In this section we describe a method how the containerised version of OpenIFS can be used to run a case study interactively on the user's workstation (i.e. no batch job submission). Due to the temporary nature of containers all model results that are created in an experiment need to be stored outside the container. One possible method is to mount an external experiment directory inside the container. Data written to the mounted directory will be retained once the container is removed.

We assume an experiment directory has been created and shall be located at /scratch/rd/user/exp/. Some preparation is required as this directory needs to contain all the necessary experiment data. Sub-directories are allowed however symbolic links to other file system locations will not work; hence the symbolic links created by oifs_run at its first run will need to be manually created as sub-directories. 

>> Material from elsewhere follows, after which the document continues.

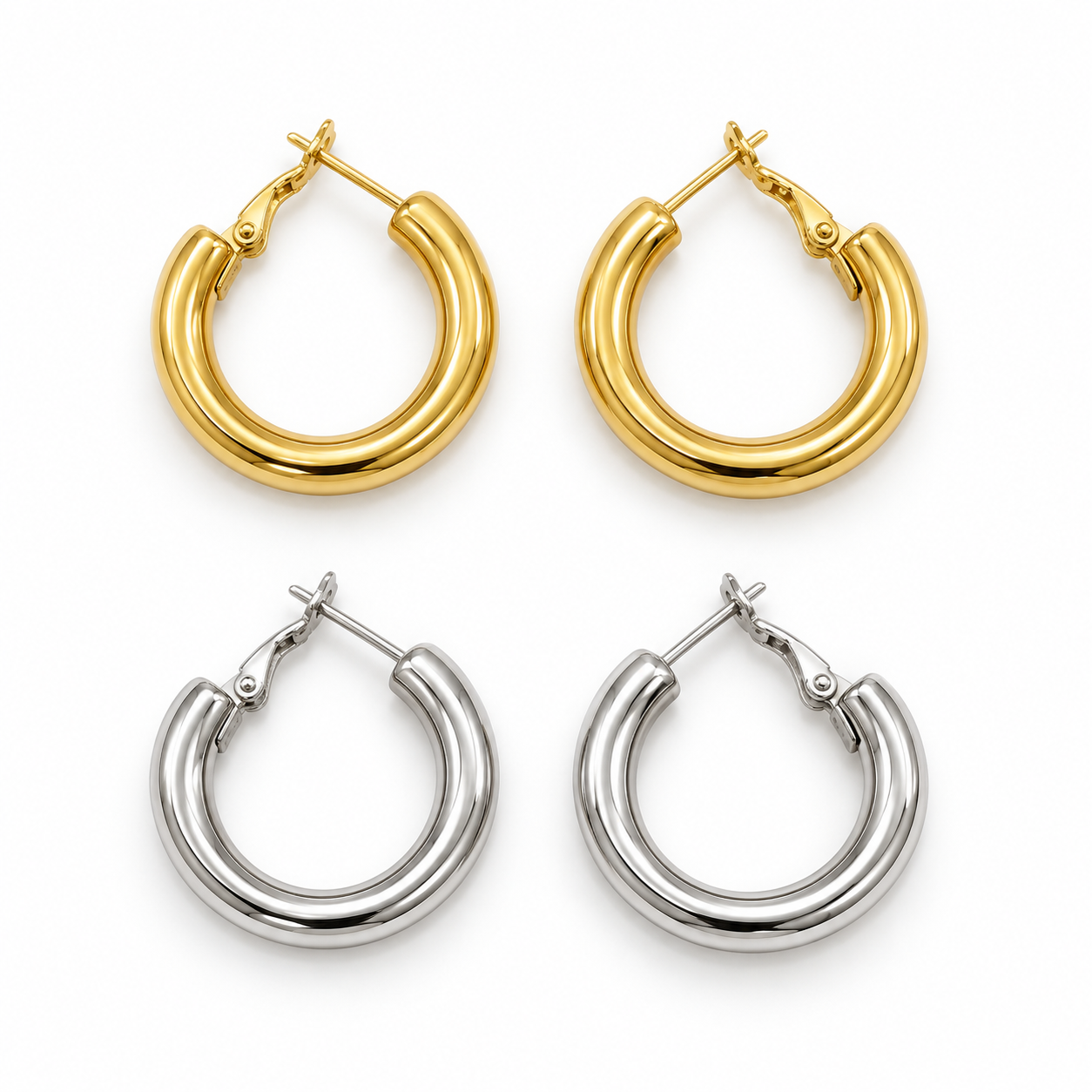 Orecchini Cerchio Doppio 30 mm dal profilo spesso, versioni gold e silver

This experiment directory is mounted to the container when it is invoked:

docker run -v /scratch/rd/user/exp:/exp:rw -it oifs40r1v2.415374.root

A linked duplicate of the experiment directory can now be found inside the container in sub-directory /exp with read and write permissions.  If a Dockerfile with user account is used then the experiment directory needs to be mounted within the user home directory of the container.

In order to mount the external experiment directory successfully all the files or sub-directories therein need to have full read-write-executable access:  chmod -R 777 /scratch/rd/user/exp

All the files in the mounted directory that were newly created or modified are owned by the container user, and seen from outside the container their file ownership will be different. 

Invoking the Container from the OpenIFS run script

An alternative method of using OpenIFS in a container consists of including the docker call inside the oifs_run script, replacing the execution of the model binary with mpirun. This method is also only suitable for running the model interactively (i.e. no batch job submission with aprun or srun). The modification in the script is as follows:

  1. set variable:  export OIFS_EXE=/usr/local/bin/master.exe
  2. comment out the code block that checks for the OIFS executable:  ###if [ -d "$OIFS_EXE" ]; then
  3. do not copy the executable:  ##\cp -f "$OIFS_EXE" . || true
  4. replace the call of the RUNCMD with:
    -  $RUNCMD ./$(basename "$OIFS_EXE") || {
    +  docker run -v /scratch/rd/damk/exp/:/home/oifs_user/exp:rw <oifs_image> bash -c "cd exp && ulimit -s unlimited && $OIFS_EXE" || {
    <oifs_image> is the name of the OpenIFS docker image

  When using this method the Docker container environment remains relatively "concealed" from the model user and requires no further interaction with it.

Batch Job Submission

The use of Docker containers when running OpenIFS on HPC facilities has been tested successfully and with good scalability on the Piz Daint Cray XC50 at the Swiss National Supercomputing Centre in December 2019 using local computing support. At present we do not yet offer this capability at ECMWF. This is work in progress and any updates will be reported here when available.

.


Crib Sheet: Important Docker commands

This section contains a listing of frequently used Docker commands some of which are specific to the ECMWF computing environment.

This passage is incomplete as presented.